What this task involves | Please repeat the data exactly. Any picture in it stays out.

Working data |
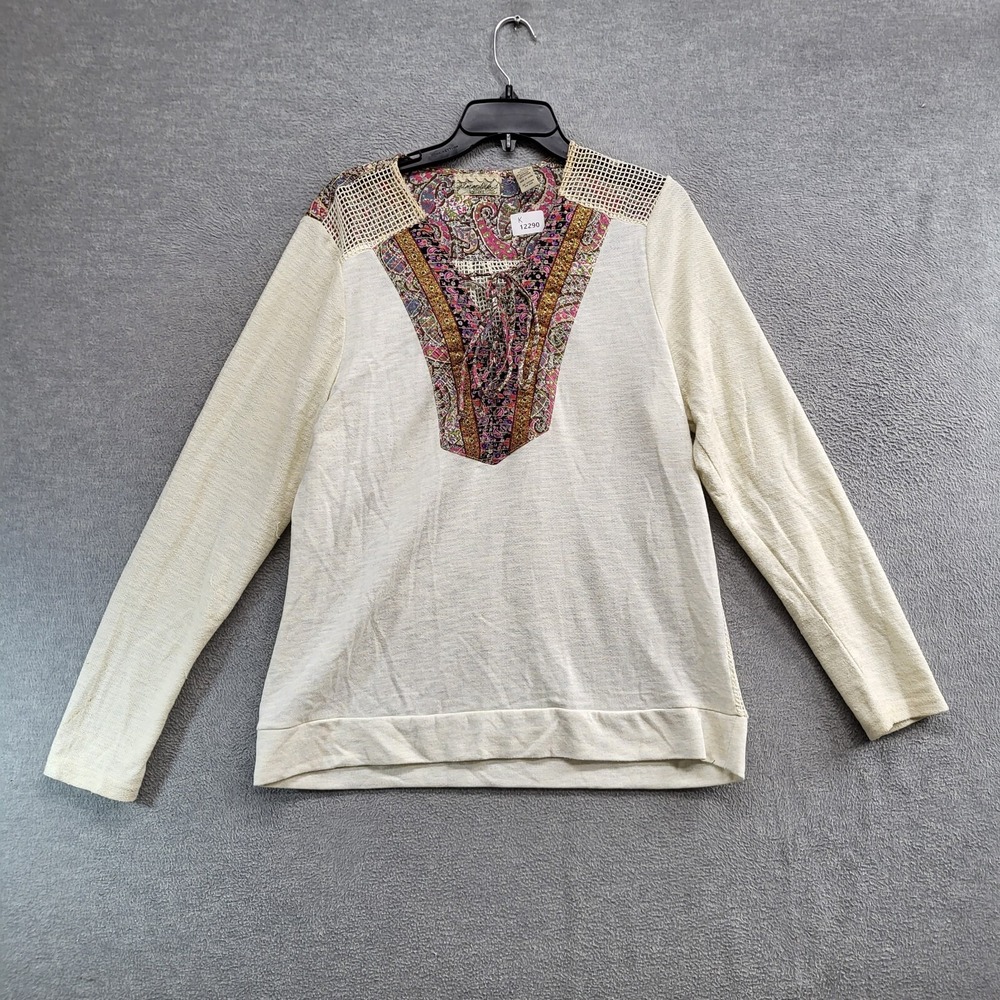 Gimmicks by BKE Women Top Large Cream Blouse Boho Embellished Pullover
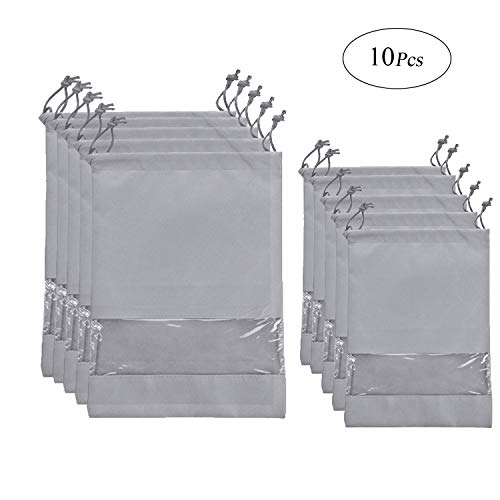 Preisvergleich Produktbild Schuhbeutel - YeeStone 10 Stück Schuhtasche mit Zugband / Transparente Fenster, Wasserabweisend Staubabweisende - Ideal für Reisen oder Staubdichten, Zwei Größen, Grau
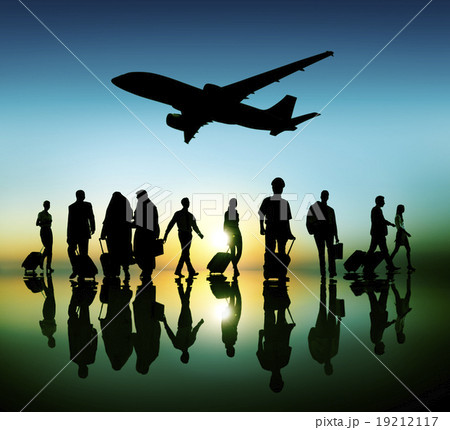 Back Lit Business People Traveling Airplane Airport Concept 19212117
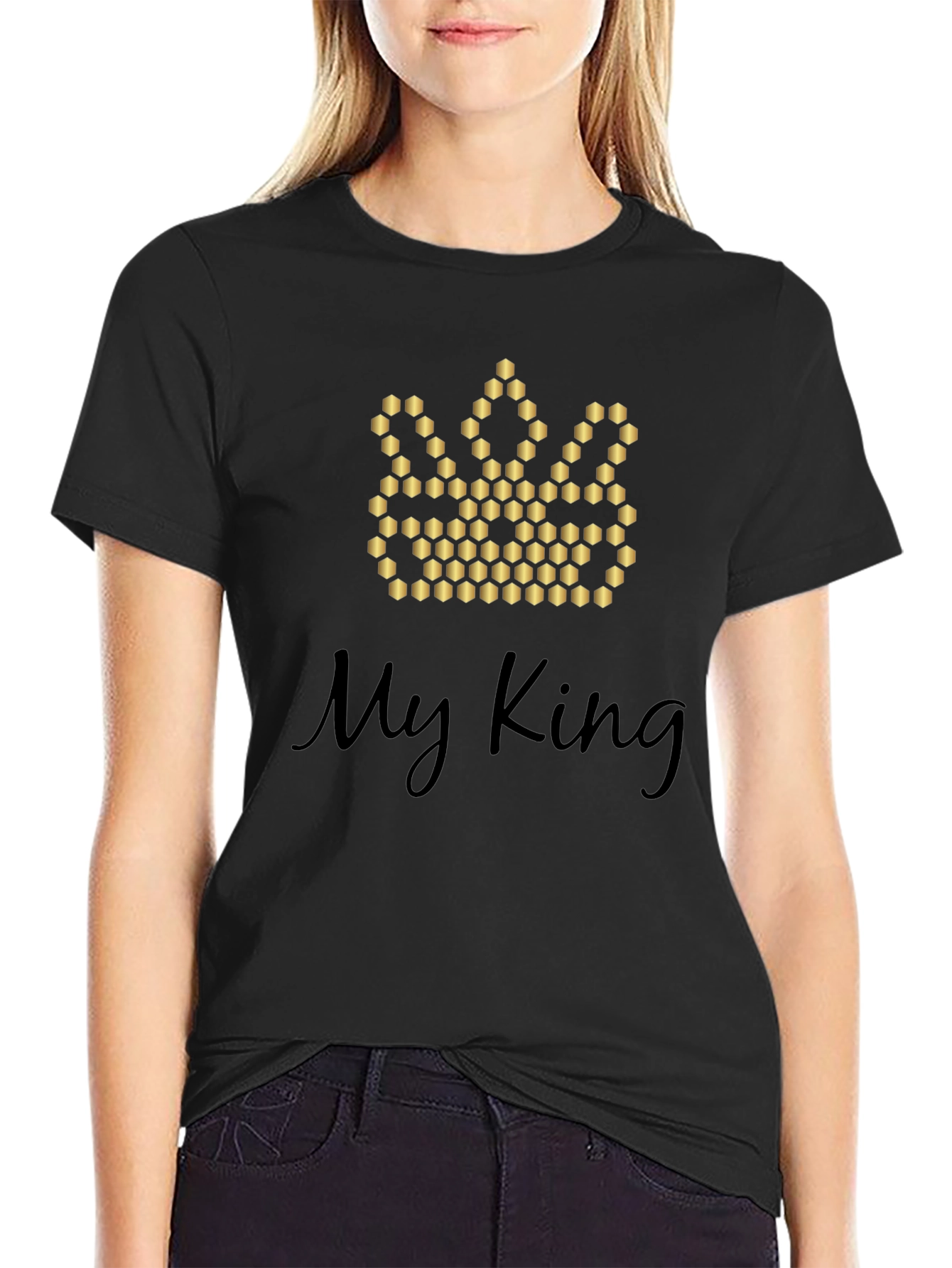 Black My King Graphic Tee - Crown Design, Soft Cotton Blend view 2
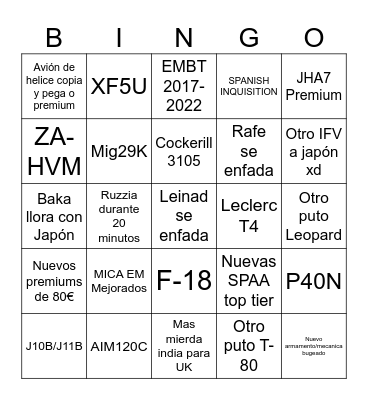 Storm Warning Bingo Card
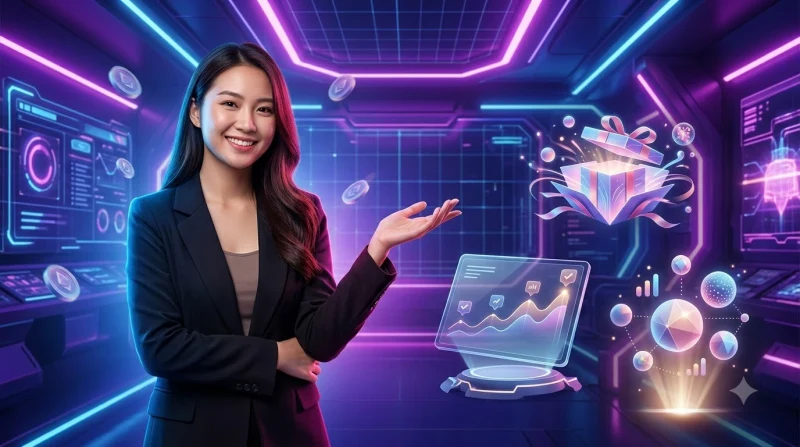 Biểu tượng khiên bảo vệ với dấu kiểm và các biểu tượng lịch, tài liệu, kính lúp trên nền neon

Written response |
 Gimmicks by BKE Women Top Large Cream Blouse Boho Embellished Pullover
 Preisvergleich Produktbild Schuhbeutel - YeeStone 10 Stück Schuhtasche mit Zugband / Transparente Fenster, Wasserabweisend Staubabweisende - Ideal für Reisen oder Staubdichten, Zwei Größen, Grau
 Back Lit Business People Traveling Airplane Airport Concept 19212117
 Black My King Graphic Tee - Crown Design, Soft Cotton Blend view 2
 Storm Warning Bingo Card
 Biểu tượng khiên bảo vệ với dấu kiểm và các biểu tượng lịch, tài liệu, kính lúp trên nền neon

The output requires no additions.